I would love to see more data on the screen, gives a better sense of what sort of efforts the riders are actually doing.


----------



## dcb (Jul 21, 2008)

crowaan said:


> Unfortunately I think teams and riders are still going to be really hesitant about sharing power data. Or at least some of them are.
> 
> I would love to see more data on the screen, gives a better sense of what sort of efforts the riders are actually doing.


I think you're right but at least 3-4 teams seemed to be testing it out. I'd really like to see some of that data as well, but if we don't know what their actual limits are: max HR, FTP, weight etc... it may be kinda cool to look at but not mean that much to someone without that info. I still want to see it though!


----------



## Cartoscro (Sep 10, 2012)

We'll never see rider specific power numbers, as long as there is a live feed of the race.


----------



## TricrossRich (Mar 26, 2014)

crowaan said:


> Unfortunately I think teams and riders are still going to be really hesitant about sharing power data. Or at least some of them are.
> 
> I would love to see more data on the screen, gives a better sense of what sort of efforts the riders are actually doing.


I agree that riders/teams might be hesitant to share power... I was just guessing what might be shared. They talked about it on the telecast one of the first few days of the Dauphine, but didn't specific what data was going to be shared.


----------



## SNS1938 (Aug 9, 2013)

Thanks, if it's a trial, that explains why I only saw one (I'm sure there were others, I only watched the final sections of the stage).

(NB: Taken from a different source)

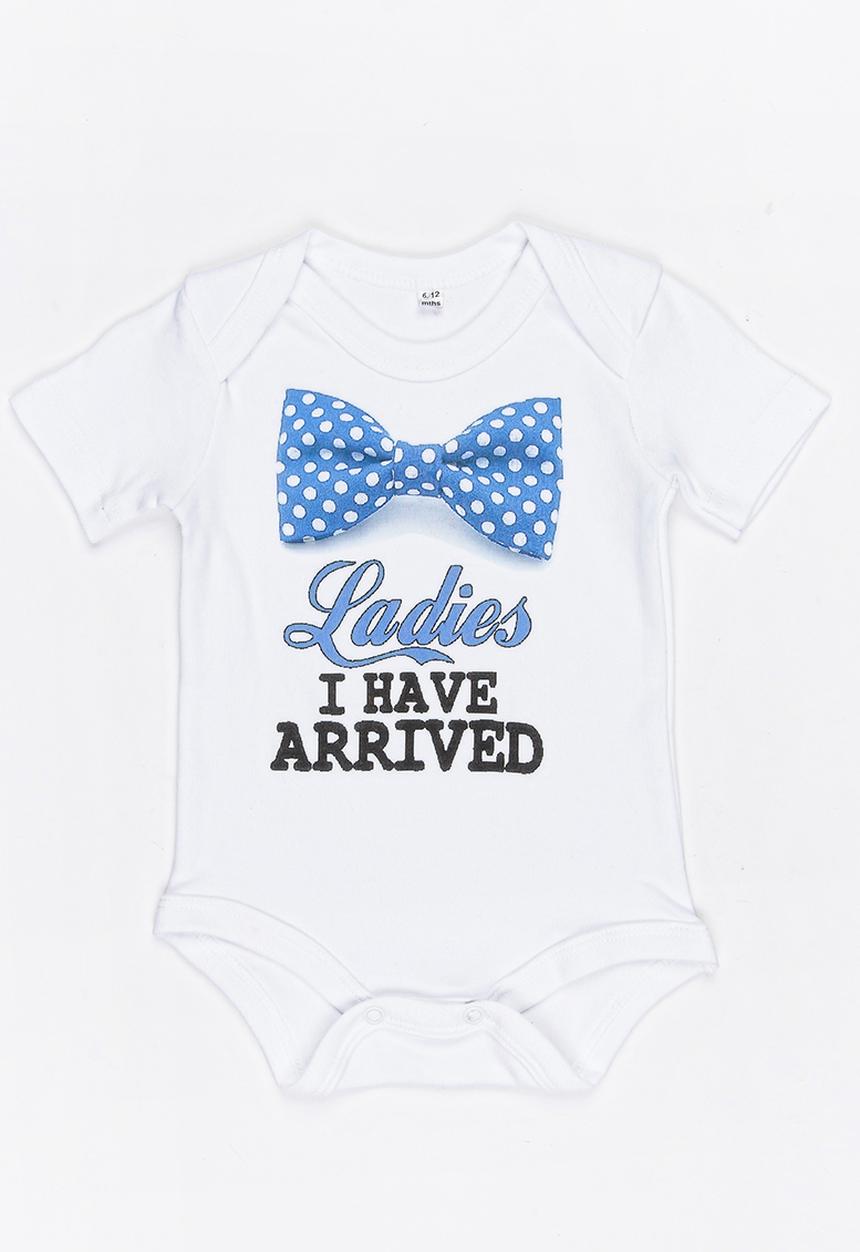 Funky Shop - Slogan Baby Grow White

I was actually thinking when watching someone in a breakaway that I'd like to know their speed. Sometimes recently we've seen the motorbikes speed, and it's pretty useful. If when there is a break, I can see that the rider is at 50kph and 180bpm, and the chase is 55kph and 185bpm, then that would add to the excitement ... will they be caught or not etc.

I do think that sometimes it'll show much earlier that a break won't make it too though, because either they're going way too hard for the distance to go, or perhaps that they've already given up, and are not trying to stay away (which without this info might be hard to notice if they've eased off a little).


----------



## lgvasquez (Jul 13, 2013)

It would be nice when viewing to have power output/ speed/ cadence like in Formula 1 ...


----------



## dnice (Jul 12, 2012)

so we will never see power or hr, but can we see speed, cadence and gradient? off the top of my head, i don't see obvious objections to those three data points.


----------



## den bakker (Nov 13, 2004)

dnice said:


> so we will never see power or hr, but can we see speed, cadence and gradient? off the top of my head, i don't see obvious objections to those three data points.


speed and gradient gives you a rather good guess on wattage on a climb. you can argue most gps units don't get the grade close enough in any case of course.


----------



## colnagoG60 (Jun 27, 2013)

Would be nice if bike computers could measure gradient based on an internal gyroscope/level, which could be zeroed by the user, given different mounting angles. My 510 is all over the place sometimes, and climbing totals can vary by 20%, for the same route, depending on time of year.


----------



## TricrossRich (Mar 26, 2014)

SNS1938 said:


> Thanks, if it's a trial, that explains why I only saw one (I'm sure there were others, I only watched the final sections of the stage).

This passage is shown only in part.